だが、ここへきて、自然エネルギーをめぐる動きは急速にしぼんでいる。

朝日新聞デジタルは、北海道で手つかずのまま広がる「メガソーラー(大規模な太陽光発電)」の予定地の現況をルポした。記事によると、今年4月、北海道電力は、「メガソーラーからは40万kWまでしか電気を買わない」と発表。申請は3月末までに87件、計156・8万kWあったが、7割が門前払いとなる。(朝日新聞デジタル「(アベノミクスって、なに?)現場から 自然エネ、立ち往生 送電網に限界、売れない」より。 2013/6/21)

昨年7月に始まった自然エネルギーの「固定価格買い取り制度」で、電力会社は太陽光や風力で発電した電気を固定価格で買うことが義務づけられた。当時の民主党政権は、この制度をてこに、電力の1%台しかない自然エネルギーを3割に引き上げる目標をたてた。

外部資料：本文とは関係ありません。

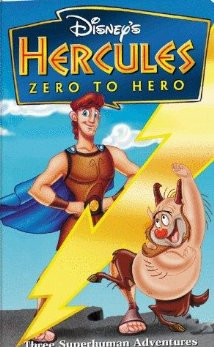 Hercules (1998) Poster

ソフトバンクの孫正義社長は、震災のあった2011年、個人で10億円を出資して自然エネルギー財団を設立。理事長にスウェーデンの前エネルギー庁長官、トーマス・コバリエル氏を招いた。さらに、昨年7月の「固定価格買い取り制度」開始のタイミングで、昨年7月にはソフトバンクの子会社と京セラの子会社2社、京都市が共同でメガソーラー(大規模太陽光発電所)を同市伏見区で稼働させている。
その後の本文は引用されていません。